I decided to hook my vacuum port up to the nipple on the throttle body which was previously capped off, and now my regulator sees boost only, and not vacuum. I don't have a check valve hooked up to it at all, and the car idles at 70psi and doesn't start increasing pressure until I get into boost.
I'm a little baffled -- if the back of the intake can see vacuum, why is the throttle body not showing vacuum to my regulator?
Has anyone else observed this behavior? Am I just missing something stupid? I know a few guys on here pulled off some tricks to make their boost referenced regulators see boost only so that fuel pressure didn't rise too high on 10psi of boost. Is it really just as easy as hooking the regulator up to the TB instead of the brake booster line?

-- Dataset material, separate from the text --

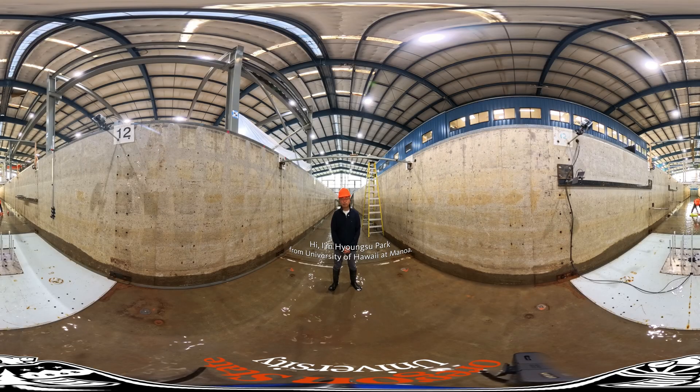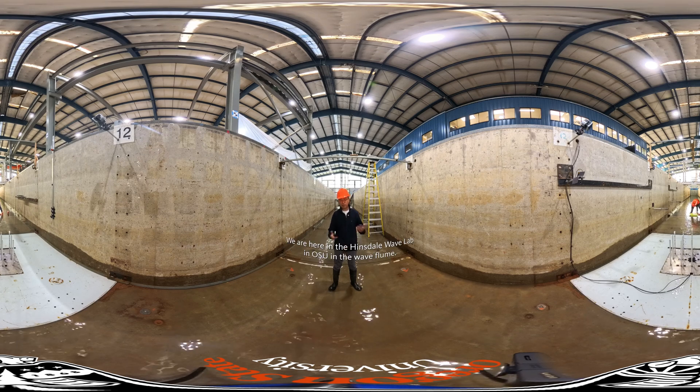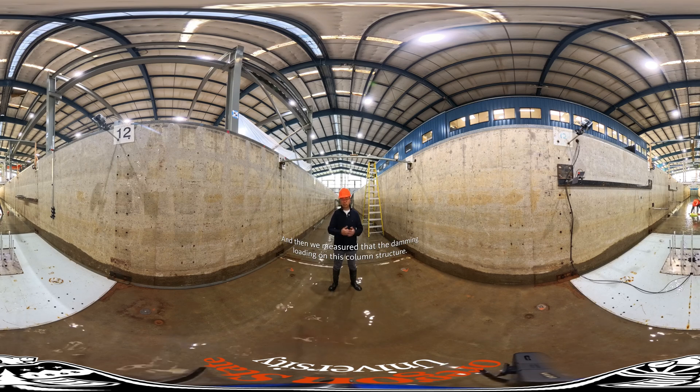I'm Hyung-Soo Park from University of Hawaii at Manoa. We are here in Hinsdale Wave Lab in OSU, in the wave flume. We are testing about the tsunami-driven debris damming study. We mounted the debris there and the tsunami will come, the debris hits the structure and develops the dam, and then we measure the damming loading on this column structure.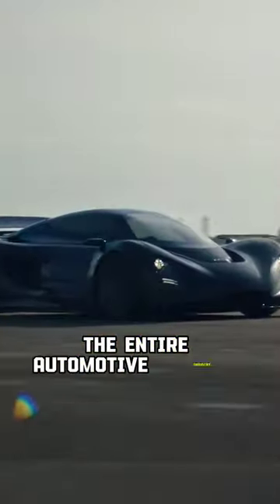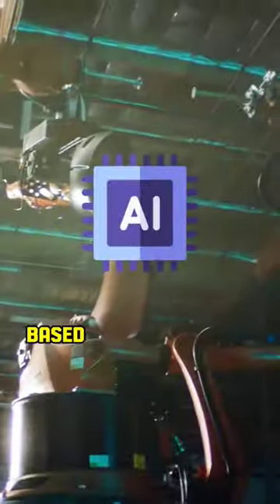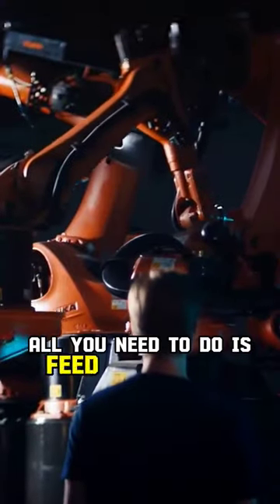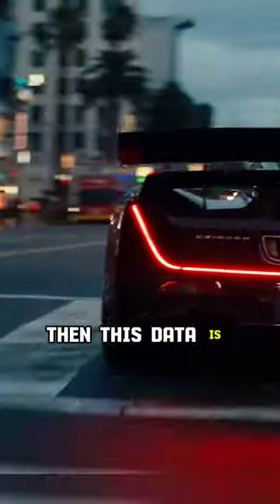This is a 3D-printed hypercar that might revolutionize the entire automotive industry. Meet the Zinger 21C, a unique hypercar that uses 3D printing and an AI-based manufacturing process for most of its parts. All you need to do is feed the software the expected load for a particular part, and the AI suggests the most efficient design for it. Then this data is used to print the part in a 3D printer.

Yea, you are missing something simple. There is no vacuum in front of the throttle blade and that is where that port gets air. There will also be a spike there as the TB initially shuts and the blow off valve opens.
Last edited by QuickSilver2002; Feb 3, 2005 at 11:34 PM.
Yea, you are missing something simple. There is no vacuum in front of the throttle blade and that is where that port gets air. There will also be a spike there as the TB initially shuts and the blow off valve opens.
OK, thanks.
Does the pressure spike only apply to supercharged cars, or would my wastegates keep this kind of spike in check? Did you have yours setup this way at some point? Were there any drivability/tuning issues associated with doing it?
Does the pressure spike only apply to supercharged cars, or would my wastegates keep this kind of spike in check? Did you have yours setup this way at some point? Were there any drivability/tuning issues associated with doing it?
It would be the same on turbo and sc cars, wastegates only control the boost ceiling and don’t play much of a role when the TB closes.
I’ve never tried hooking up the FP regulator to the TB port, but common sense tells me it would be a bad idea. It might actually work to some extent, but I think it would be a pretty distorted signal.
I like the approach of just hooking up the regulator to the intake manifold vacuum and then flattening out the IFR table in the PCM.
One other thing, Reference regulators are to be setup with the port vented to atmosphere. So, with the Vac line disconnected, you dial in your base fuel pressure (60psi) and hook the lineback up. You will find at idle now the fuel pressure will be LESS than the the base of 60.